WORK ITEM: As you write out the lines from the one containing "Men's Jacksonville Jaguars" through the last line of the records, keep them exact and leave out pictures.

GIVEN INFORMATION:
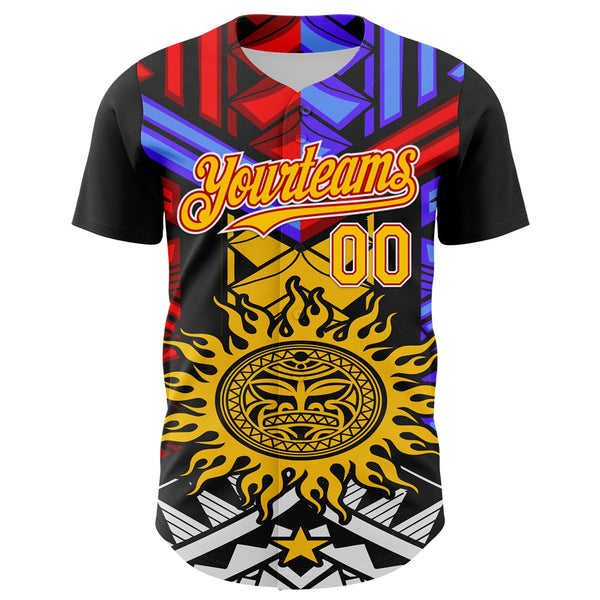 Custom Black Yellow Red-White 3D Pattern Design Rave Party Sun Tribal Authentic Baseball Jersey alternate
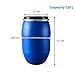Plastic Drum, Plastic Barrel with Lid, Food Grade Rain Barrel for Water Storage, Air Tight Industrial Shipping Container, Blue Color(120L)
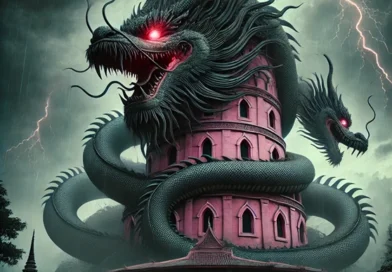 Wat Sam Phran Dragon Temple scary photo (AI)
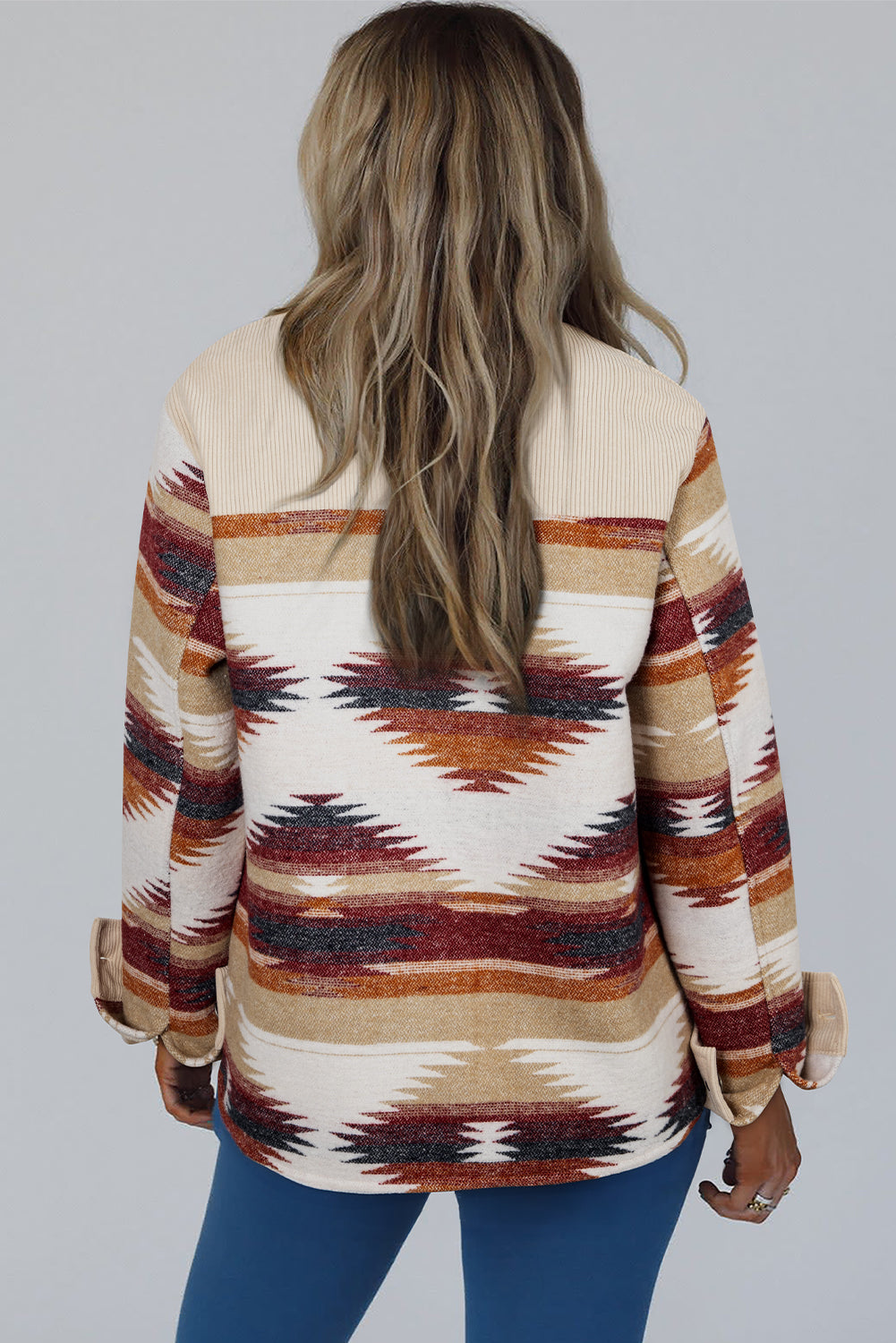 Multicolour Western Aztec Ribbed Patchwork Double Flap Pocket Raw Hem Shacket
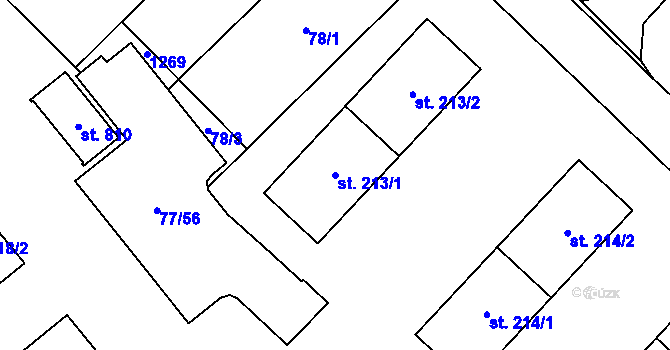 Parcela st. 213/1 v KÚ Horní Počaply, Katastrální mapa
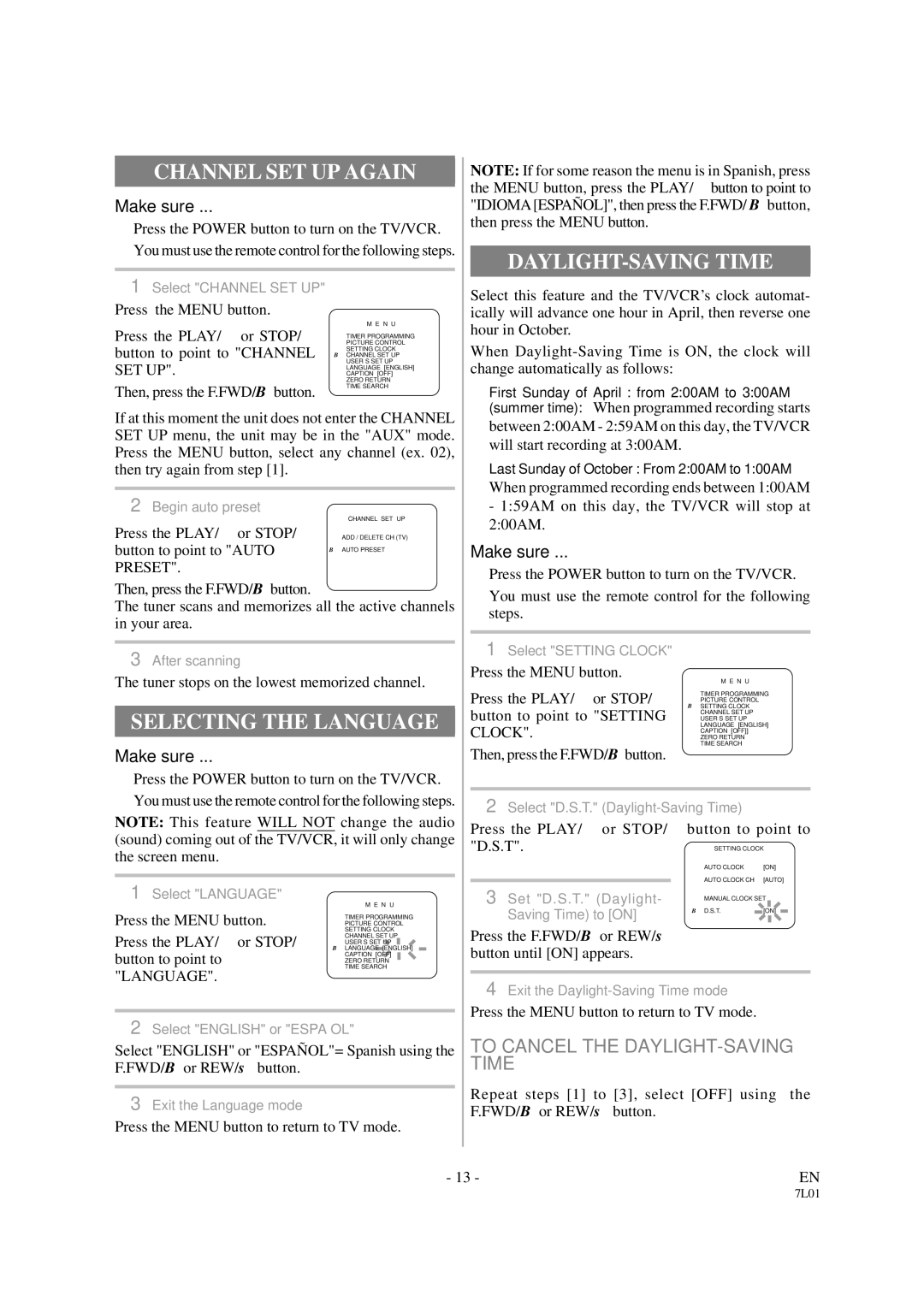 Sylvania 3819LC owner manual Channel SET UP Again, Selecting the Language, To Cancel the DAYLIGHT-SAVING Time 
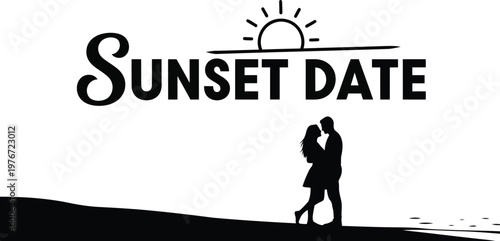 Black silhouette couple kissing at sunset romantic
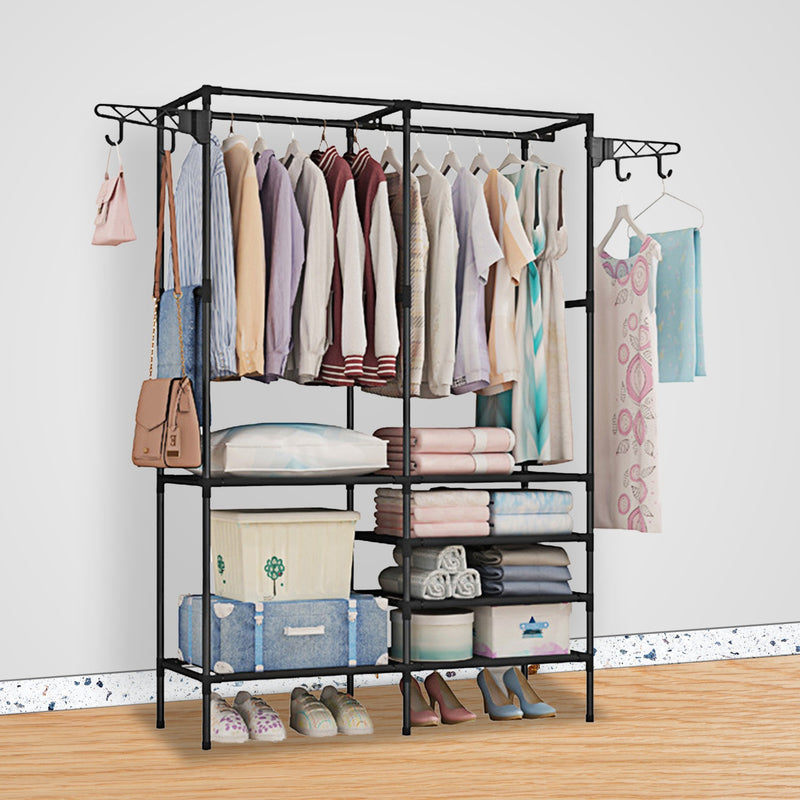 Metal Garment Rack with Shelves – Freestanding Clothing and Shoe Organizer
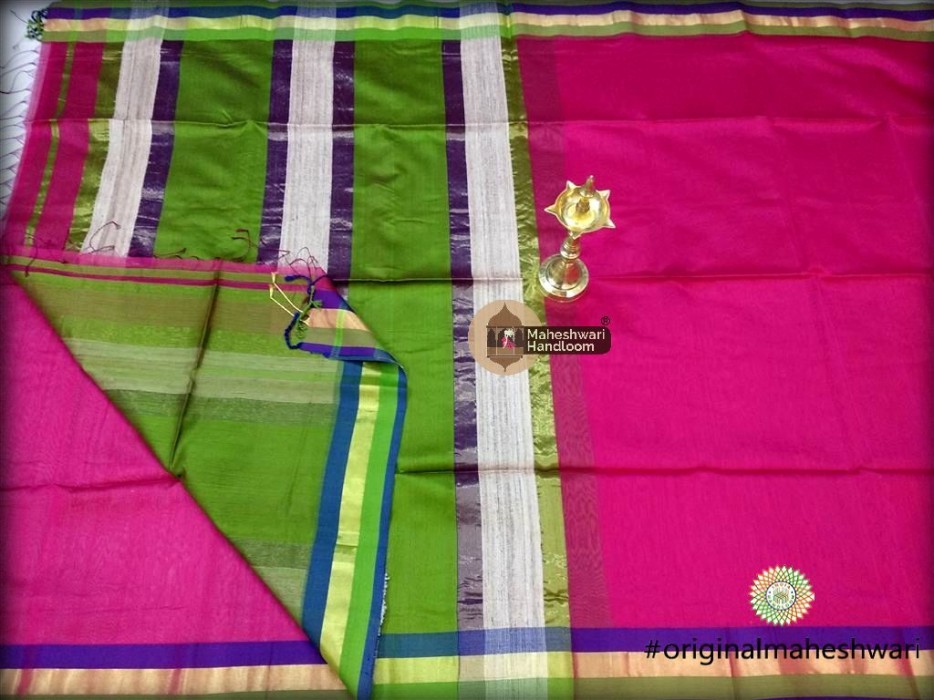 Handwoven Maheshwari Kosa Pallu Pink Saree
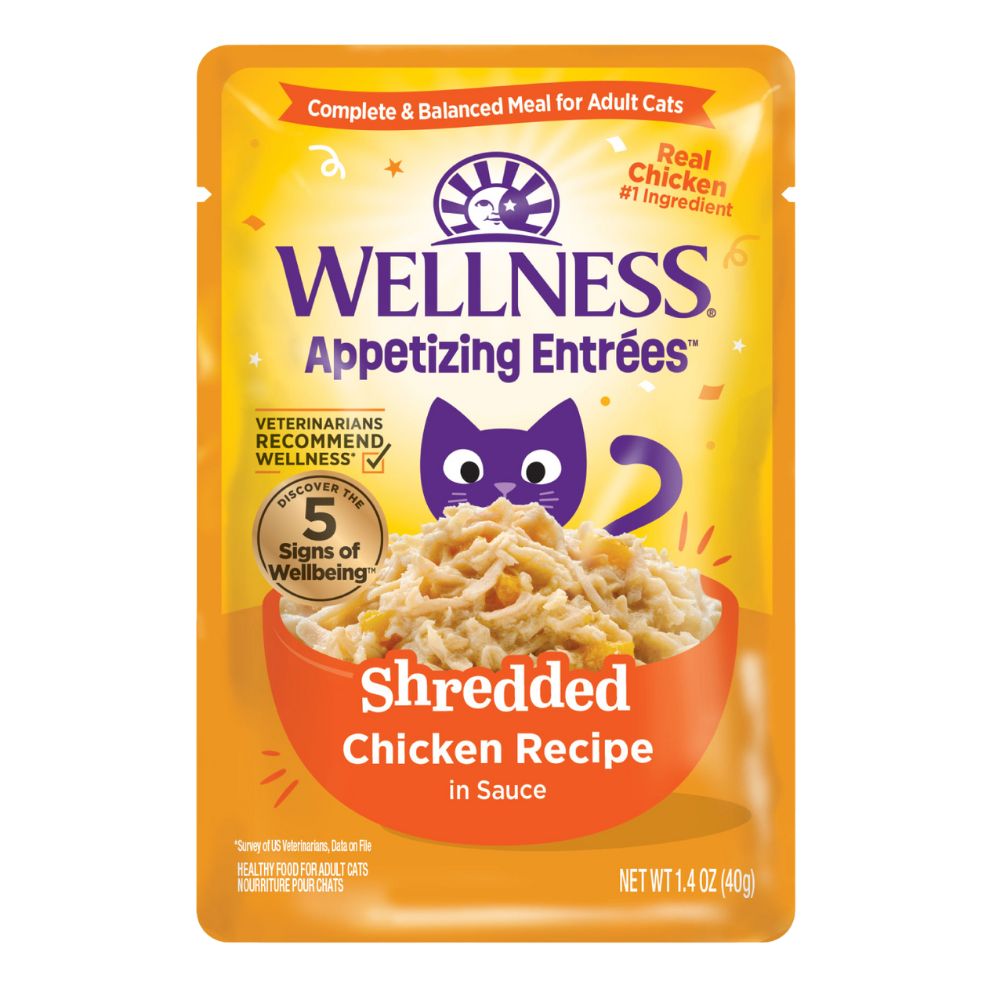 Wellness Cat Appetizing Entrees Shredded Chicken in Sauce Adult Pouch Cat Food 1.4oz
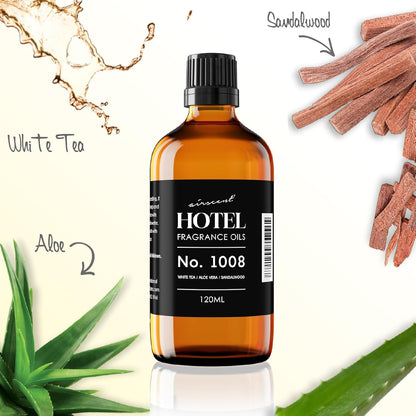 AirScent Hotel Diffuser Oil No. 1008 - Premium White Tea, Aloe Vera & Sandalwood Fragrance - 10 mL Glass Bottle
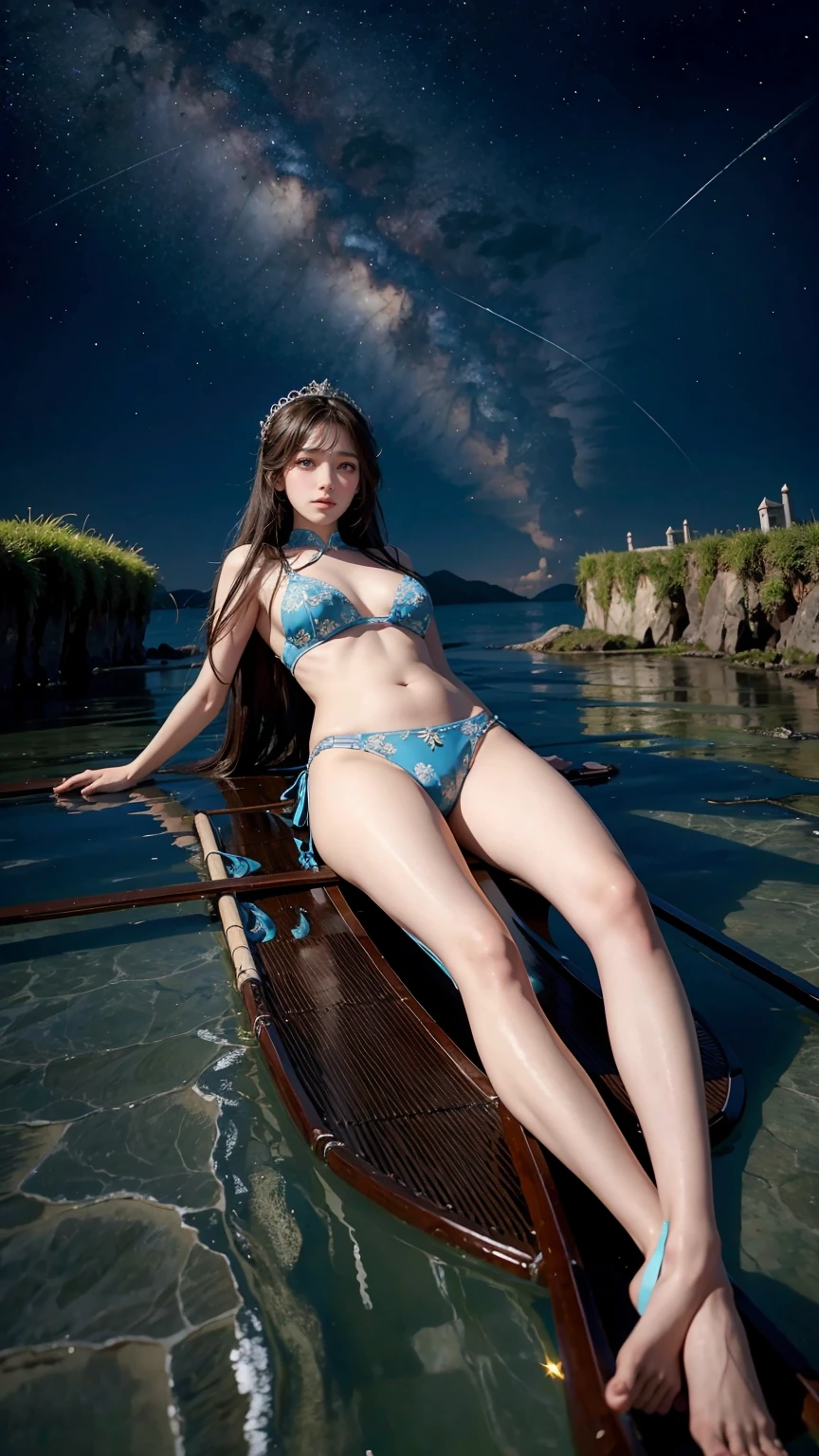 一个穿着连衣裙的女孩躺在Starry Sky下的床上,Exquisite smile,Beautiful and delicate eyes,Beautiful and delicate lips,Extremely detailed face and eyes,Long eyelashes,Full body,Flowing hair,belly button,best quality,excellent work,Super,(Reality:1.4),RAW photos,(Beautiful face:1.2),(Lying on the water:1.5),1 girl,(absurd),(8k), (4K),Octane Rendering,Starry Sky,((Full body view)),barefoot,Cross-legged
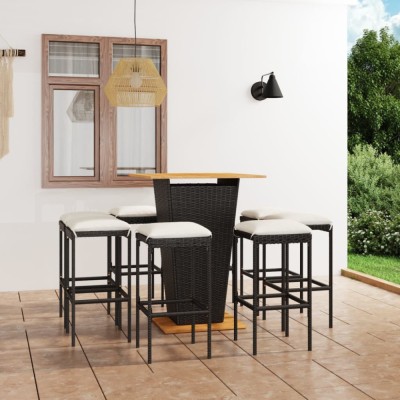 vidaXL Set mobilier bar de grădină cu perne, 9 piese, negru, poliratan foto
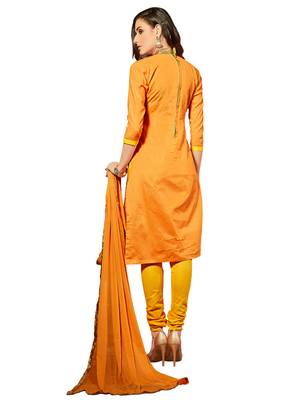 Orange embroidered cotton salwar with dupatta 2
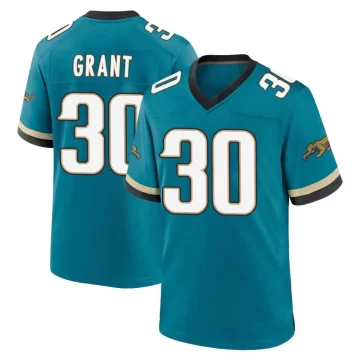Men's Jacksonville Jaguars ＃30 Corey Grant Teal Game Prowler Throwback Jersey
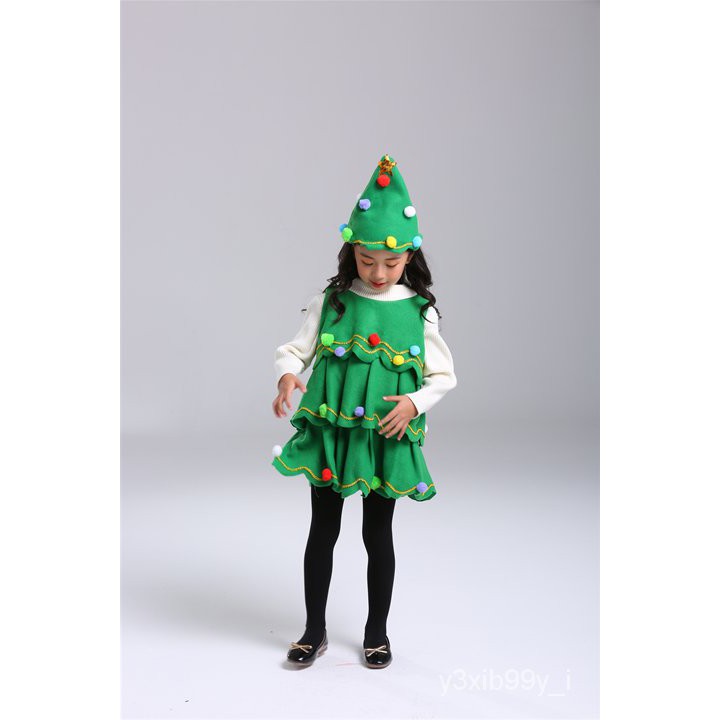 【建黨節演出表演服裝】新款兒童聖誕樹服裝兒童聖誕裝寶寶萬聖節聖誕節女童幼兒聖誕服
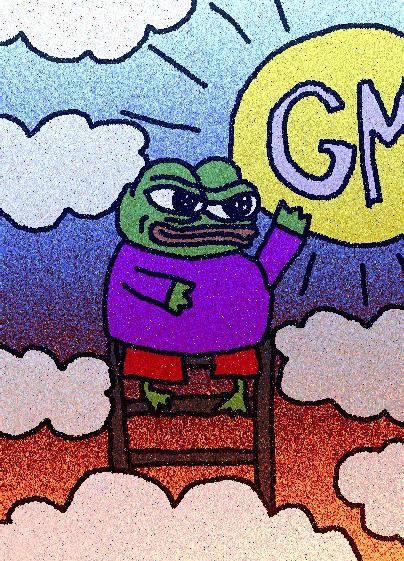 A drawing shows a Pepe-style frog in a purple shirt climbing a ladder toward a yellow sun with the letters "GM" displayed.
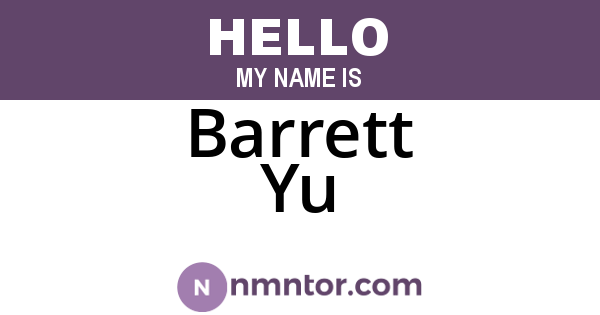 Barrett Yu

ANSWER BOX:
Men's Jacksonville Jaguars ＃30 Corey Grant Teal Game Prowler Throwback Jersey
 【建黨節演出表演服裝】新款兒童聖誕樹服裝兒童聖誕裝寶寶萬聖節聖誕節女童幼兒聖誕服
 A drawing shows a Pepe-style frog in a purple shirt climbing a ladder toward a yellow sun with the letters "GM" displayed.
 Barrett Yu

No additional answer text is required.